ENTRIES PROVIDED
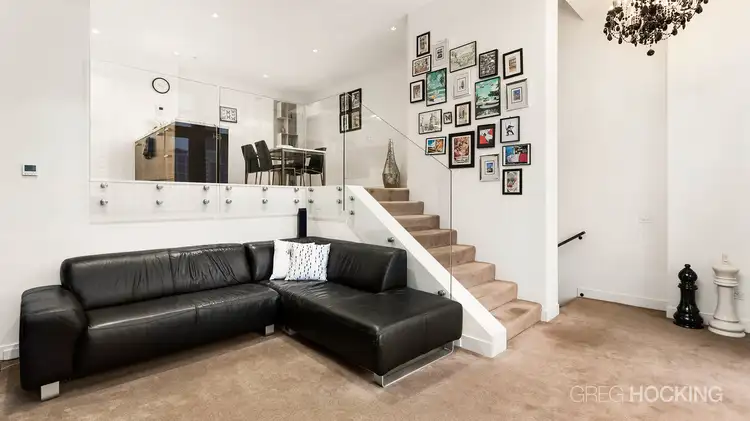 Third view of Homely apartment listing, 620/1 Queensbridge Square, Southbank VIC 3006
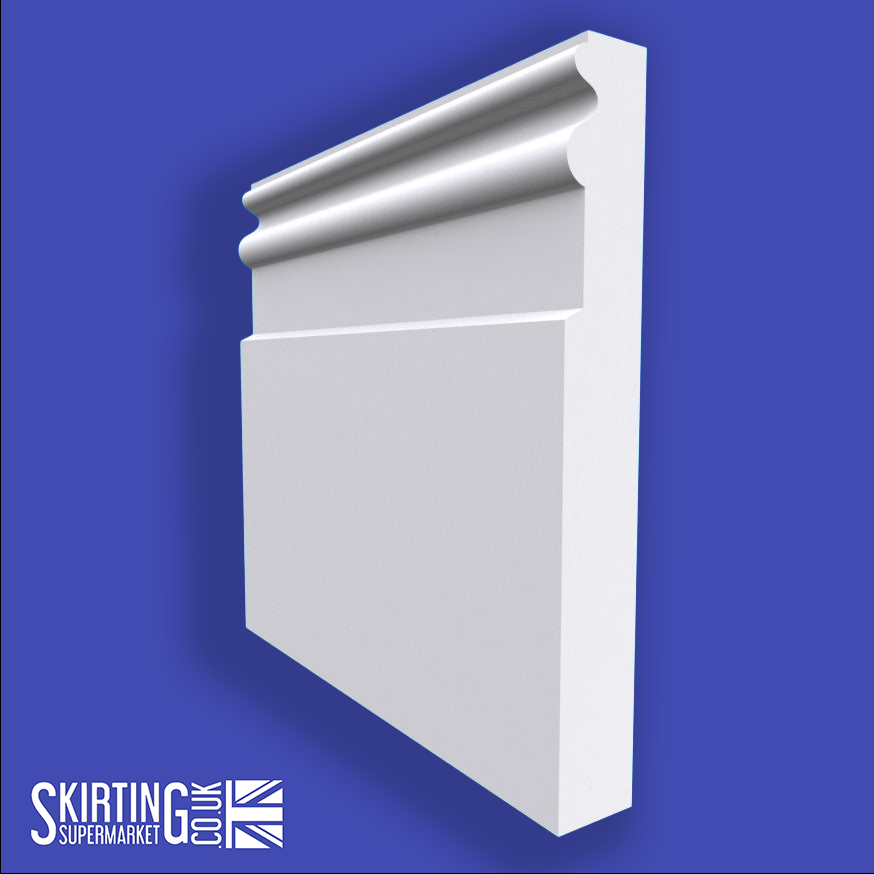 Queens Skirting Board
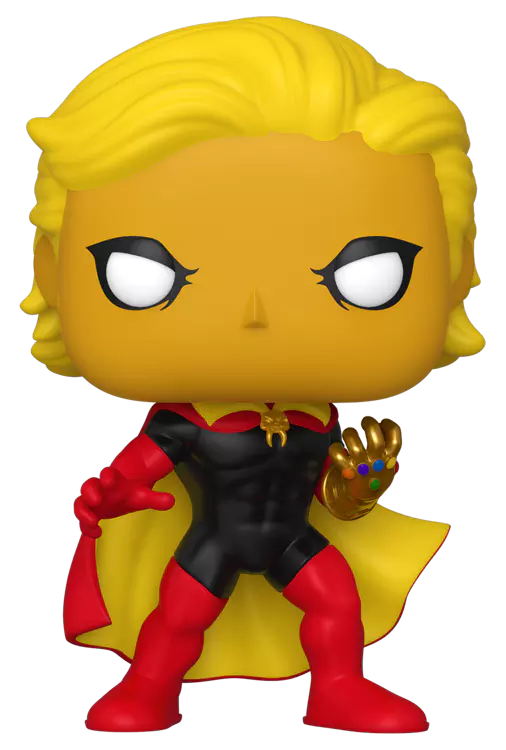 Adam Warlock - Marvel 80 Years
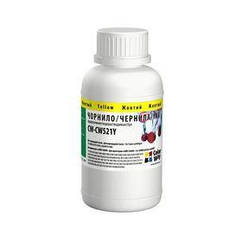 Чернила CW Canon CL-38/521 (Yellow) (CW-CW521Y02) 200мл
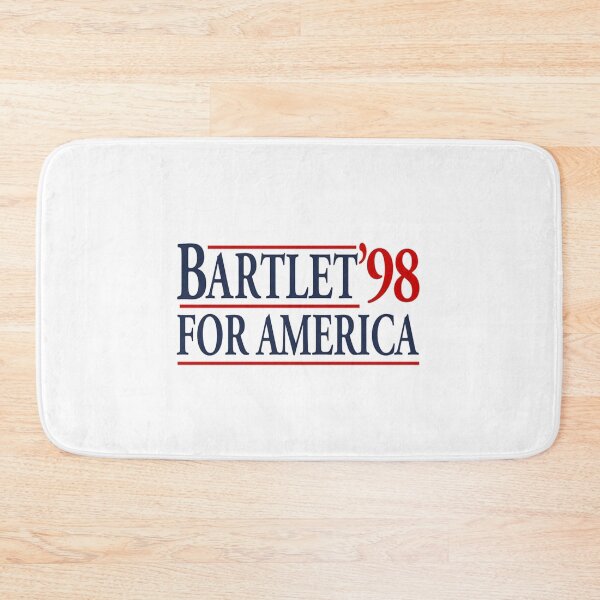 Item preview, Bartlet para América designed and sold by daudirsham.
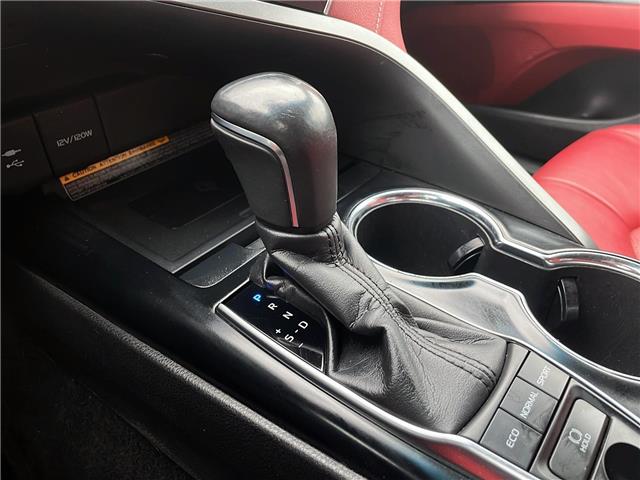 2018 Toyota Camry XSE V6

TASK DESCRIPTION
Please print exactly the lines running from the line with "Item preview, Bartlet" through the final line of the material, and nothing more. Keep pictures out.

OUTPUT BELOW
 Item preview, Bartlet para América designed and sold by daudirsham.
 2018 Toyota Camry XSE V6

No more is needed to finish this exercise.